Back in 2013 I used to work for a company that ran hotel wifi for big hotel chain. We did at least 4 big brands that you've probably heard of and a whole bunch of others. This company had been going for a long time and used to make $8 when, back in the dark ages, you paid $12 for a day of wifi.

The code for this system had the notion of "invoices", "wifi enrollments" and "guests" and stored data on each of them as well as the links between them. We would store data about these things and we would run reports on each and send them to the hotels who would use them to bill guests.

All normal so far. Except we would sometimes send reports with invoices which didn't have enrollments, and enrollments which didn't have guests.

Sometimes the amounts on those invoices would rack up to tens even hundreds of thousands of dollars of invoices without customers, and the hotel managers were rarely happy:

This was a very, very serious problem. We were >.< this close to losing a big hotel chain as a customer - and a large part of it was because of this.

This was a problem because our system was buggy, so we had what are generally called "data integrity" issues. You've encountered bugs before on this course - data integrity issues bugs too - bugs with your data.

The difference between a bug in your code and a bug in your data, caused by a bug in your code, is that bugs in your code can always be fixed. Bugs in your data - sometimes they can never be fixed.

These lessons are about using SQL and storing and retrieving data in your code in such a way that your data is kept clean.

LESSON 1B : What is the point of an SQL database?

We're going to teach you a new programming language. It's called SQL. Pronounced "S - Q - L" or sequel, either is fine.

Databases are simply programs that take data and stuff it in files just like you were doing in the previous lesson.

However, the way we use a database is different to the way we store things in files. In a file, you can put any random jumble of data in and get it out again. How you put it in and get it out is up to you. Your code needs to open the file, close the file, retrieve, store or modify and validate everything itself. Offloading some of that responsibility to another program means that your code can achieve all the same things but be simpler.

You interact with almost all of them using the same programming language which is called "SQL". It's been around for 31 years and is still completely dominant. Computing moves fast, but SQL doesn't change. This kind of lesson will probably still be taught in 50 years. Probably 4 out of 5 software jobs involve SQL In some way.

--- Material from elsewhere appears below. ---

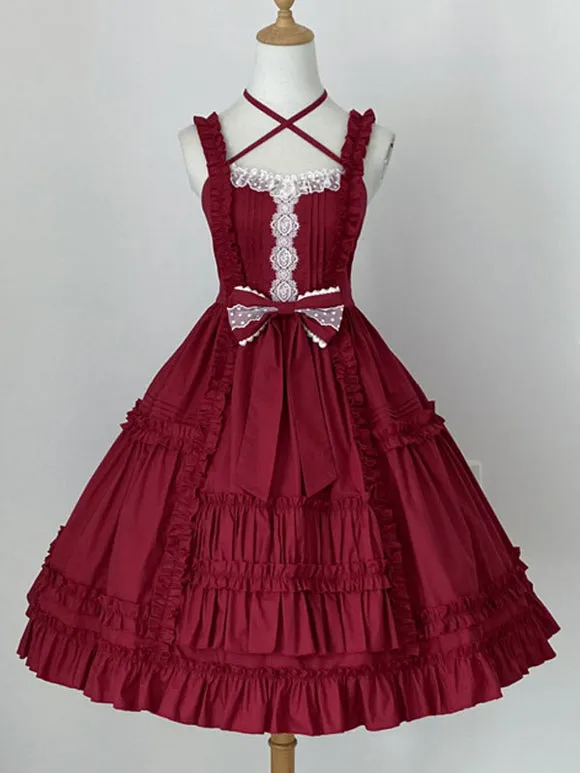 Sweet Lolita Dress Polyester Sleeveless Ruffles Jumper Dress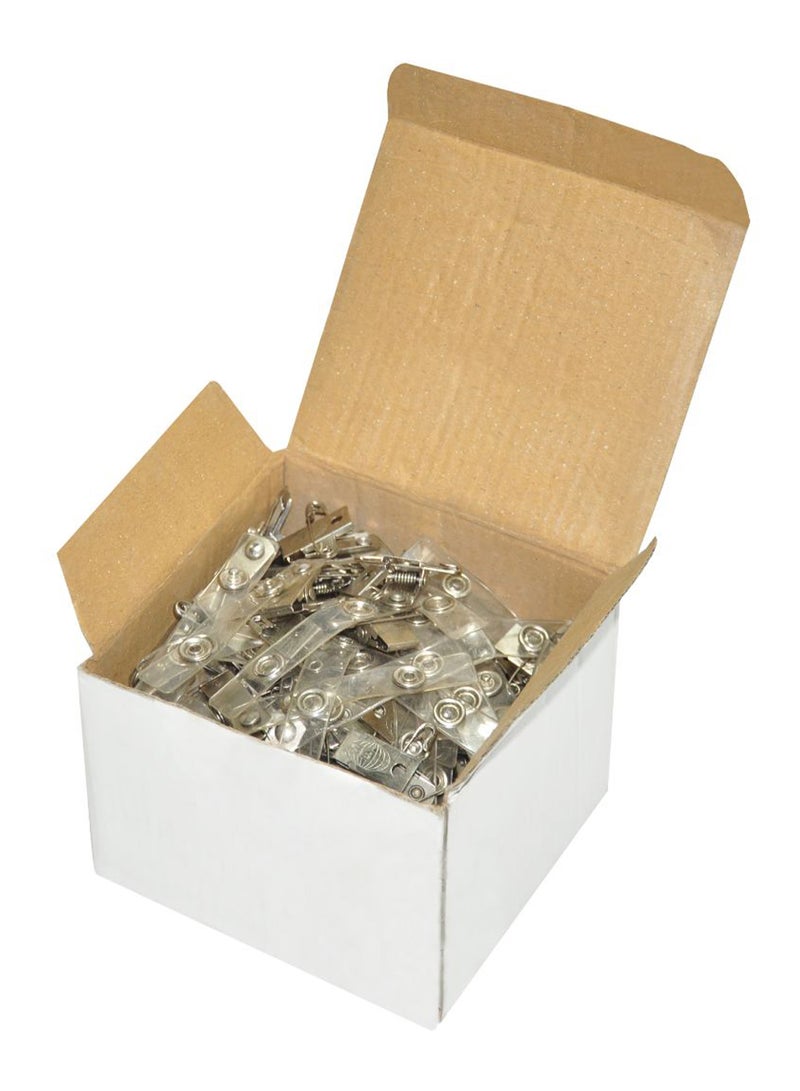 FIS 100-Piece Badge Clip Set Clear/Silver - Image 2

SQL is a different, and usually simpler kind of programming language that you use with a database (sometimes called an RDBMS) to:

Store data in a way such that its structure cannot be violated.
Retrieve data (get me all the reservations under the name "Trump") and answer questions about data ("what was the sum total of all of the invoices in february?").

An RDBMS (relational database management system) will do this by, for example:

Data constraints (e.g. each reservation must have a customer)
Data types (e.g. check in date can only be a date)
Uniqueness of certain pieces of data (e.g. there is only one person with the driver's license ID 941413).
Organizing how the data is retrieved and assembled (e.g. fetch me all reservations under customer "Donald Trump").
Executes on a different process/machine, meaning that the queries can be parallelized, and work can be offloaded from the main server.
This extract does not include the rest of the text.